Presented by Beacon Economics

Welcome to The Regional Outlook, a forecast for five of California’s largest regional economies. Each quarter, find updated analysis that goes beyond the state and national level to present a snapshot of employment, home prices, consumer spending, personal income, and other leading economic indicators within key areas of the state. Visit your region of interest and subscribe for email delivery.

Winter 2019/20

With the smallest employment base relative to California’s other major metropolitan areas, the South Bay continues to experience steady labor market expansion. However, despite home price appreciation contracting in recent months, homeownership is still out of reach for many in the region as home prices remain near record highs.
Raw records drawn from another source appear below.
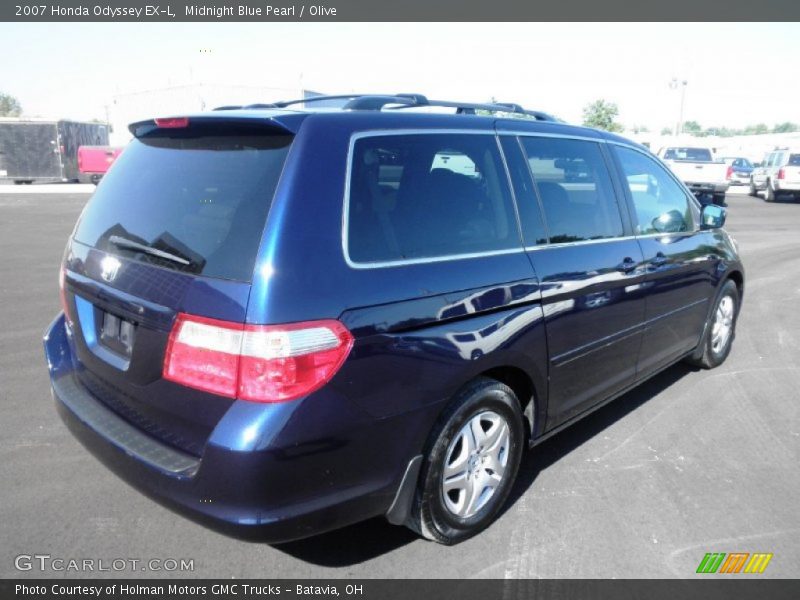 Midnight Blue Pearl / Olive 2007 Honda Odyssey EX-L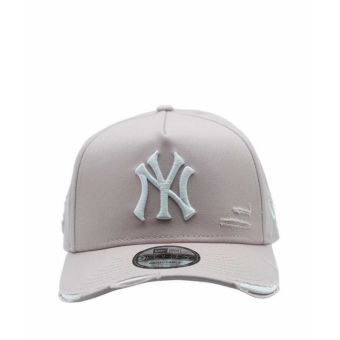 940Af Frayed Neyyan Unisex Caps - Pink Rouige White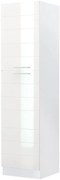 Висок подов шкаф Hudson K23-60-1KF-White glossy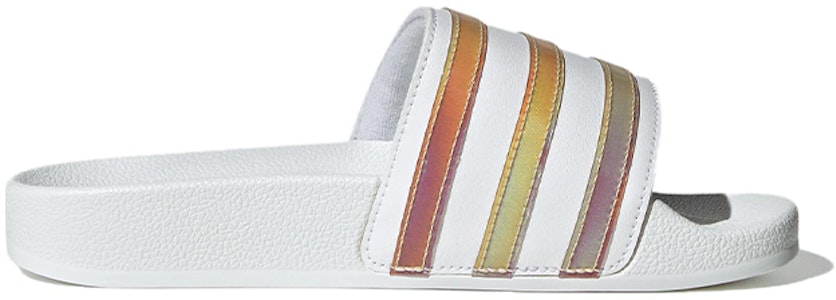 (Youth) adidas Originals Adilette Slides 'Cloud White Multicolor' HQ8547 Order (Youth) adidas Originals Adilette Slides 'Cloud White Multicolor' HQ8547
Small Labor Market, Strong Job Growth

From October 2018 to October 2019, total nonfarm employment in the South Bay grew by 3.0%, trailing San Francisco (3.5%), but outpacing the East Bay (2.2%), Los Angeles (1.3%), San Diego (2.0%), the Inland Empire (2.0%), and the state as a whole (1.8%). With the smallest employment base of all major metro areas in California, the South Bay added 33,700 new jobs over the past year, coming in behind only Los Angeles (+58,900) and San Francisco (+40,400) in absolute terms. The region’s unemployment rate has continued to track in very low territory, falling to 2.3% in October 2019 and bested only by San Francisco at 1.9%.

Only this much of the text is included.